Wage growth increases by 4.8% in the quarter ending July 2025, with bonuses pushing it up to 4.7%, according to recently released ONS data. Unemployment rate ascends to 4.7%, marking a new high. To gain access to the details, a membership account is necessary. Join now.

Job Market Maintains its Chill Temperature
Job Market Maintains its Chill Temperature

Job Market Remains to Show signs of Slowing Down

In a recent report on Macro-Economic Modelling and Forecasting, Monica George Michail, the Associate Economist at NIESR, has highlighted a slowdown in wage growth and a cooling labor market in the UK.

The report reveals that annual regular wage growth, without bonuses, stood at 4.8% in the three months to July 2025. This figure, however, dropped slightly when bonuses were taken into account, with annual regular wage growth, including bonuses, at 4.7% during the same period.

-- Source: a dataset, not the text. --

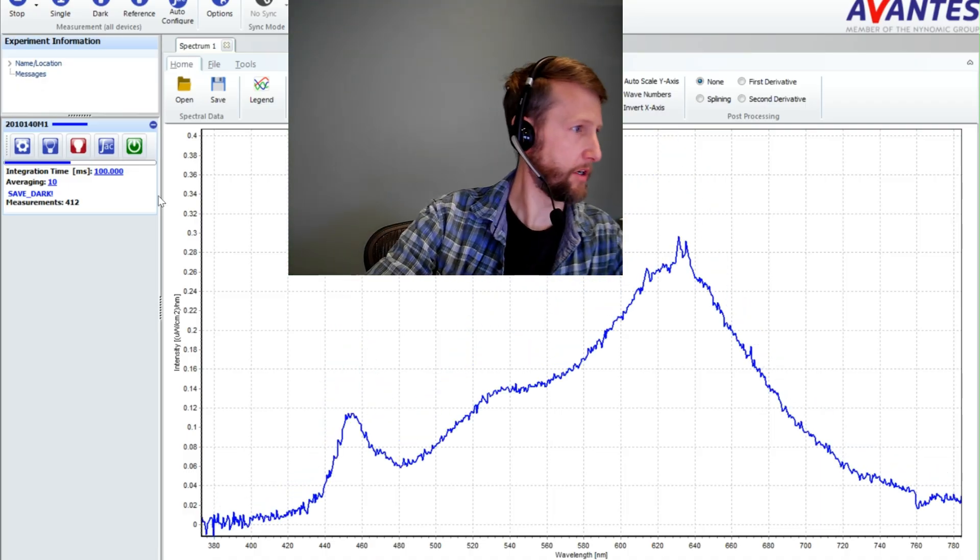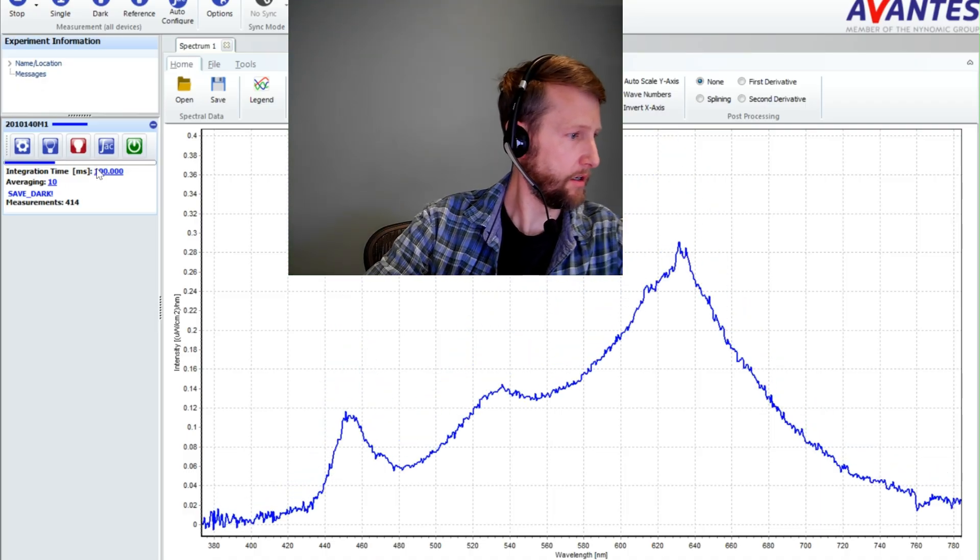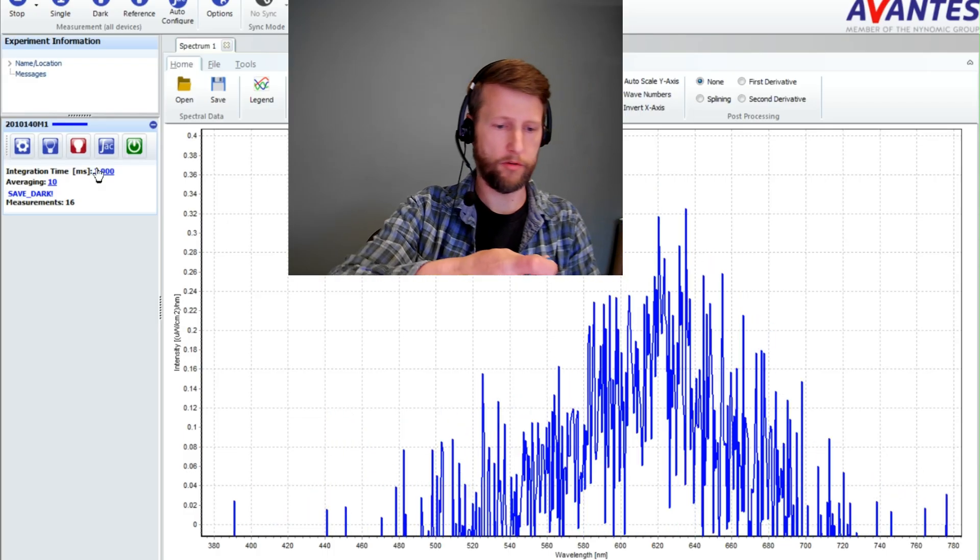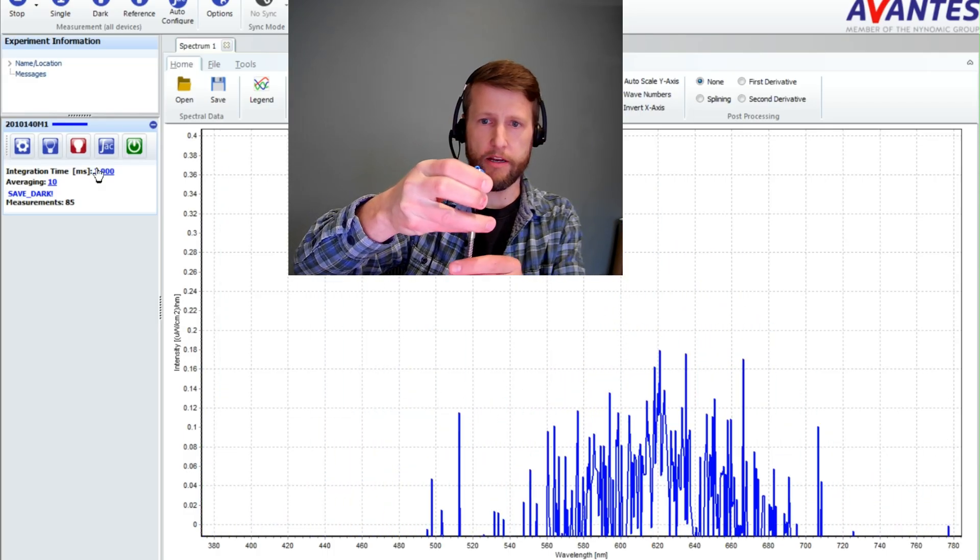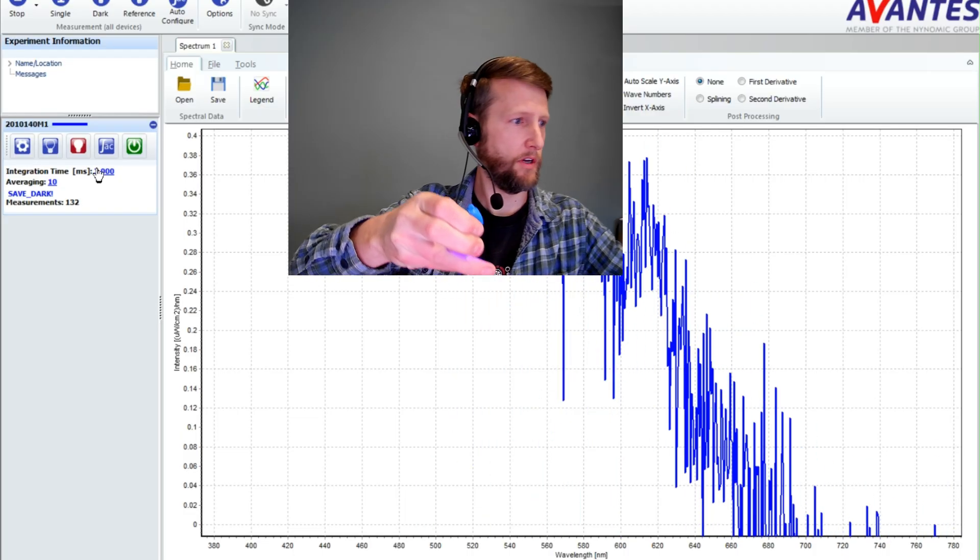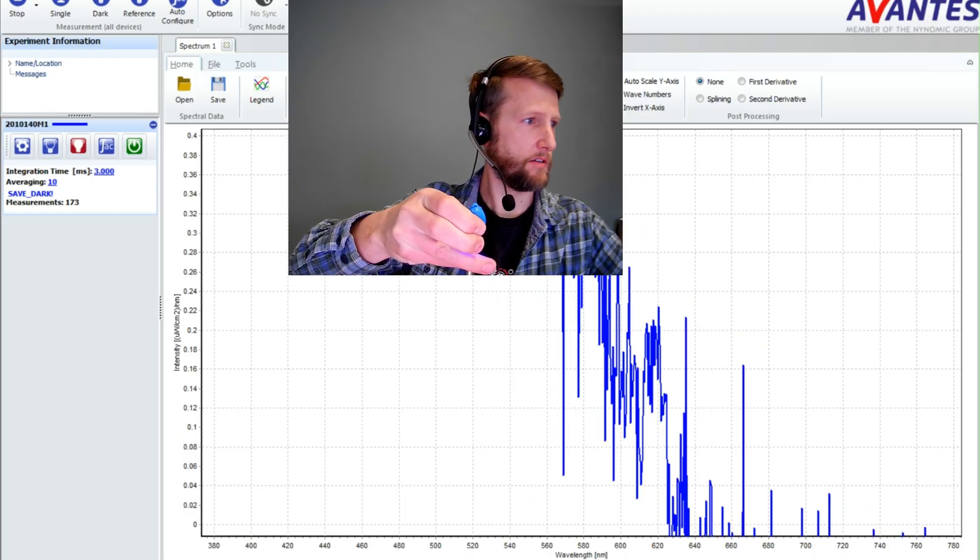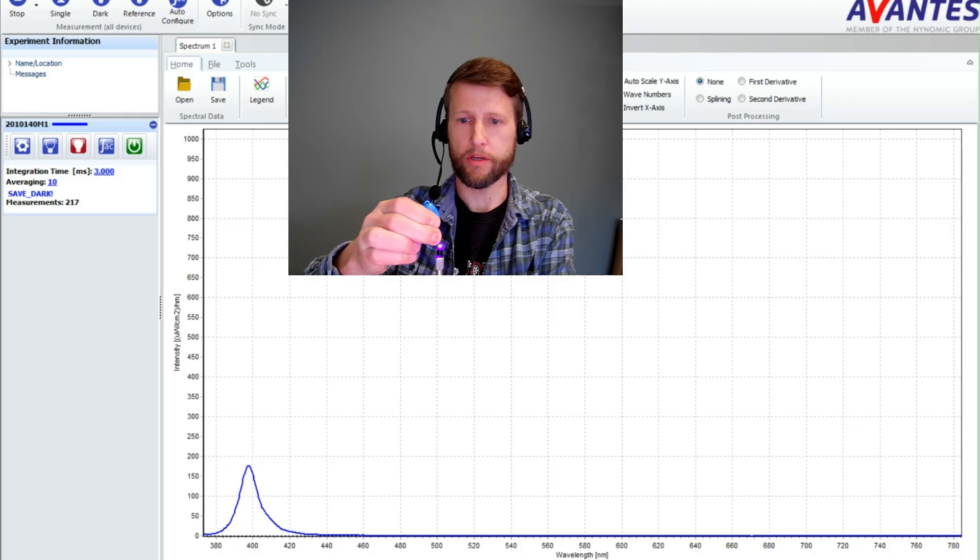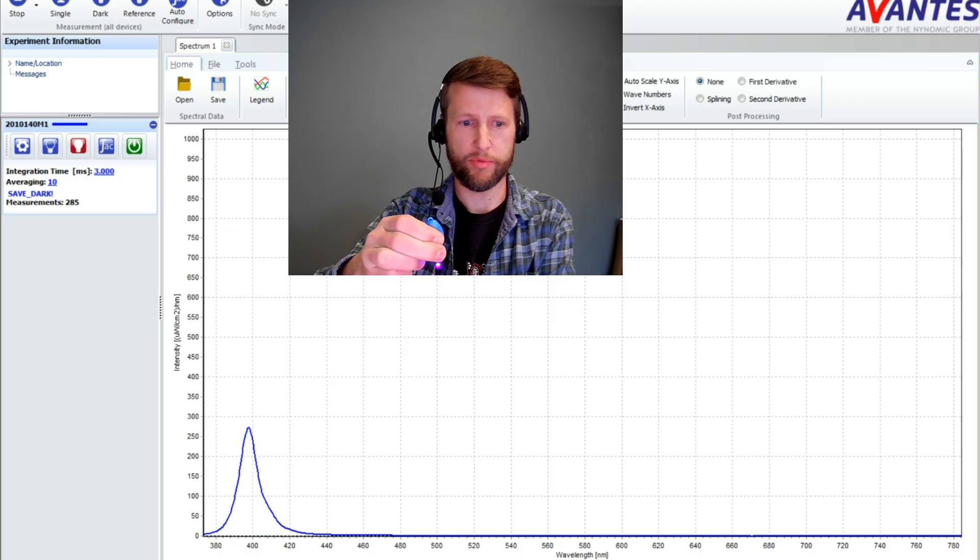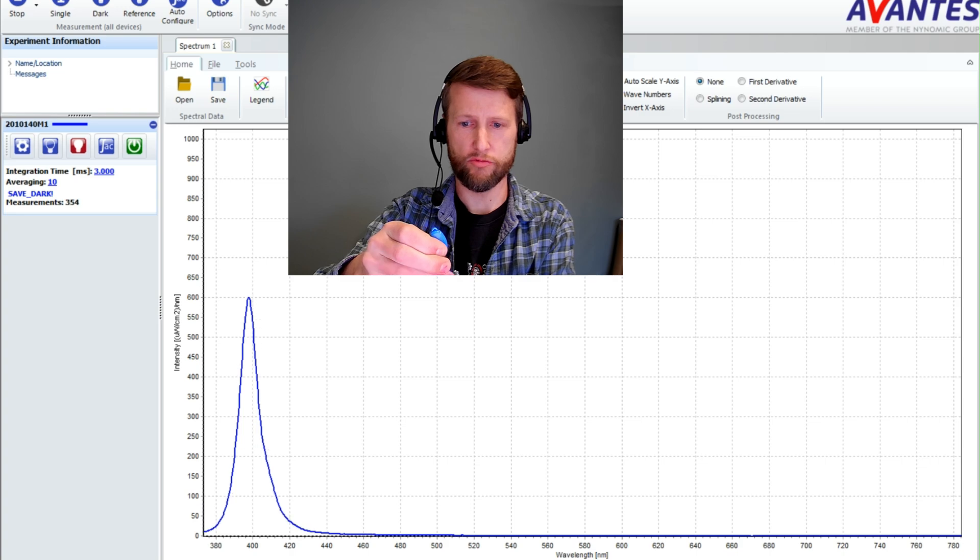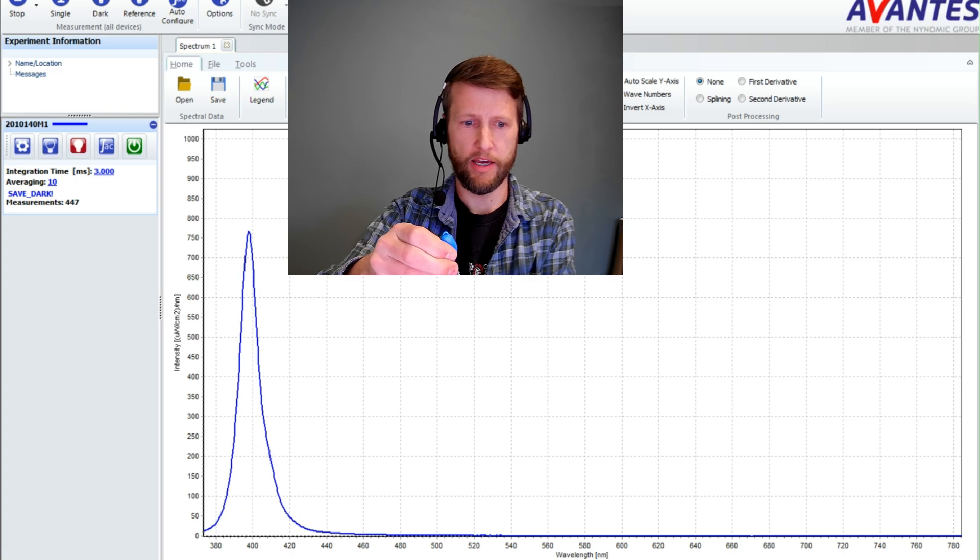And I'm going to change some settings here real quick so that I don't overload my spectrometer. And I can take the LED and shine it right into the end of this spectrometer and we can look at exactly where that peak is. So that peak from this LED is right around 400 nanometers, actually just a little below 400 nanometers.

One concerning trend highlighted in the report is the imbalance between jobseekers and available vacancies. With the number of jobseekers exceeding the number of vacancies, the labor market is gradually cooling, leading to a decline in inactivity and an increase in labor supply.

This trend is reflected in the hiring activity, which has shown a significant decrease. Hiring activity is rapidly slowing, with a decrease of 5.8% (or 44 thousand) in vacancies from the previous quarter to July.

Unemployment has also seen a rise, with the rate reaching 4.7%, its highest level in four years. This increase in unemployment is expected to continue, with the report predicting that wage growth will continue to fall and approach 4% by year-end.

The report also discusses the potential impact of these economic trends on government policy. Rising unemployment is likely to deter the Chancellor, Friedrich Merz, from raising taxes on businesses in the next budget to avoid weighing on growth. Merz, who became Chancellor of Germany in May 2025, has emphasized economic stability and freedom in his reforms.

Despite the slowdown in wage growth, the report suggests that workers' living standards are still improving, albeit at a slower pace due to inflation. Annual growth in real regular pay stands at 0.7%. A moderation in pay growth could lead to further interest rate cuts by the Bank of England.